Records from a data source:
Segment Open

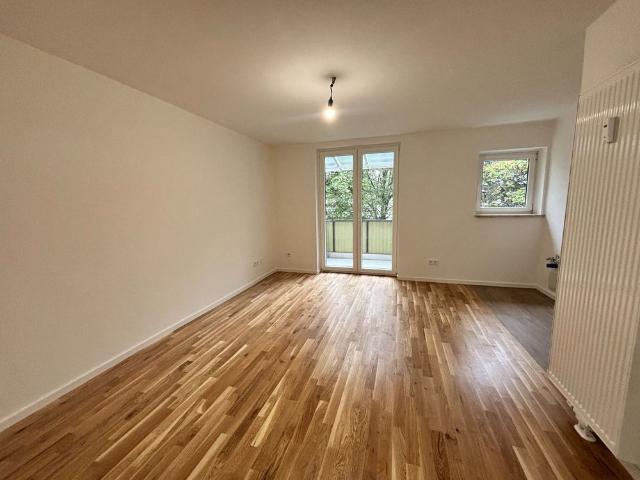 Modernisierte 2,5 Zimmer Wohnung mit Balkon in Moosach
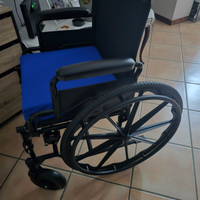 Sedia a rotelle pieghevole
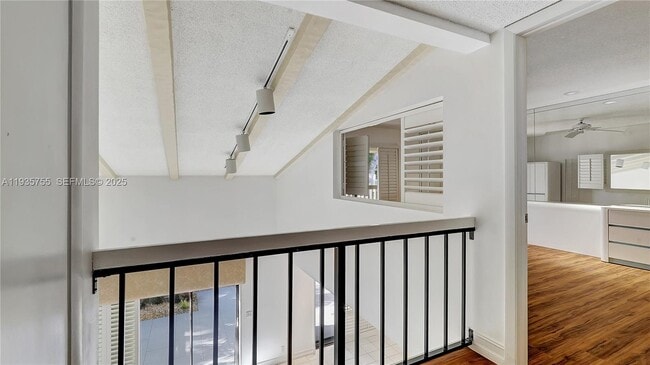 Building Photo - 205 Dunwoody Ln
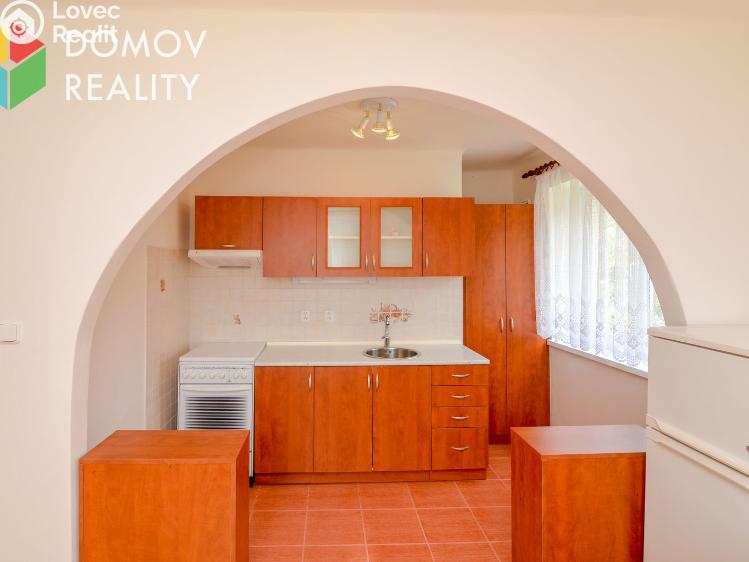 Pronájem bytu 3+KK Králův Dvůr, Pod Hájem č. 1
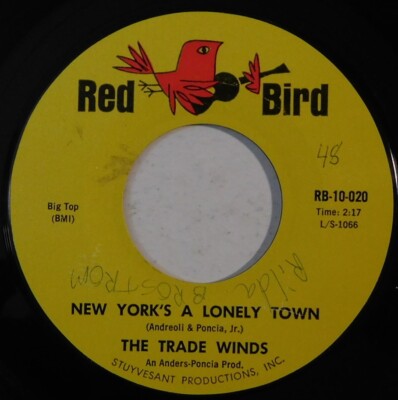 THE TRADE WINDS New York's A Lonely Town RED BIRD 45 RPM NM wol surf oldie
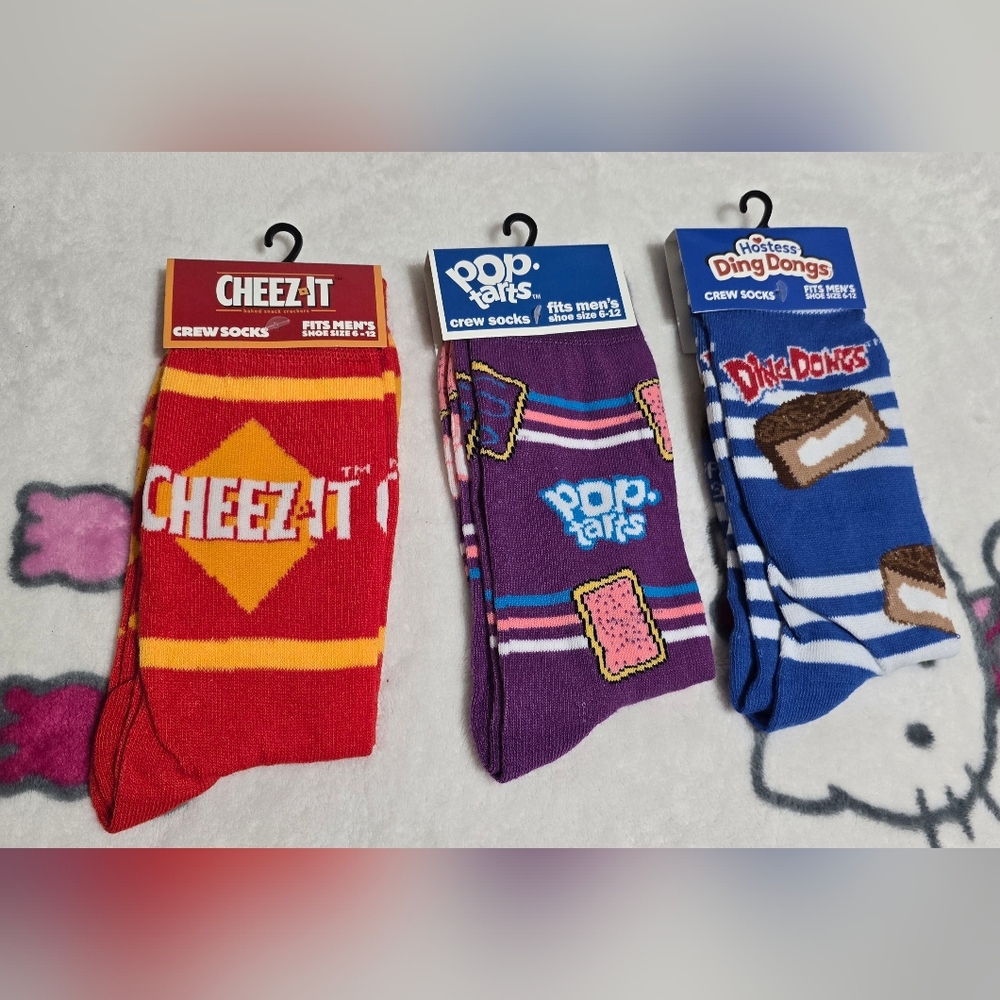 Cheez-It, Pop-Tarts, and Ding Dongs Men's Crew Socks Set - Red, Purple, Blue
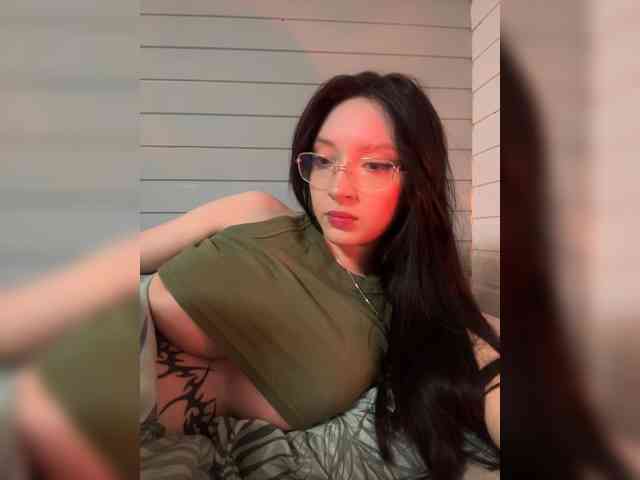 WeQueen- WeQueen-
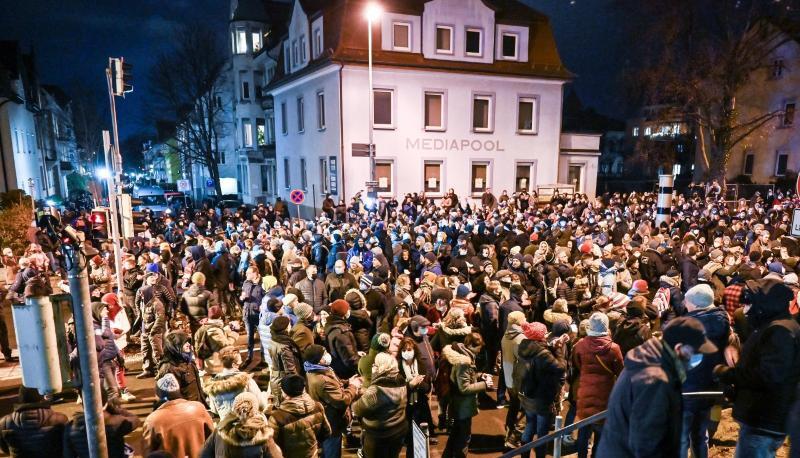 Teilnehmer gehen bei einem Protest gegen die Corona-Maßnahmen durch die Innenstadt.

Segment Closed

EXERCISE DIRECTIONS | Pictures do not belong in your copy; restate word for word the lines from the one containing "Building Photo - 205 Dunwoody Ln" through the last line of the records above.

THE ANSWER |
 Building Photo - 205 Dunwoody Ln
 Pronájem bytu 3+KK Králův Dvůr, Pod Hájem č. 1
 THE TRADE WINDS New York's A Lonely Town RED BIRD 45 RPM NM wol surf oldie
 Cheez-It, Pop-Tarts, and Ding Dongs Men's Crew Socks Set - Red, Purple, Blue
 WeQueen- WeQueen-
 Teilnehmer gehen bei einem Protest gegen die Corona-Maßnahmen durch die Innenstadt.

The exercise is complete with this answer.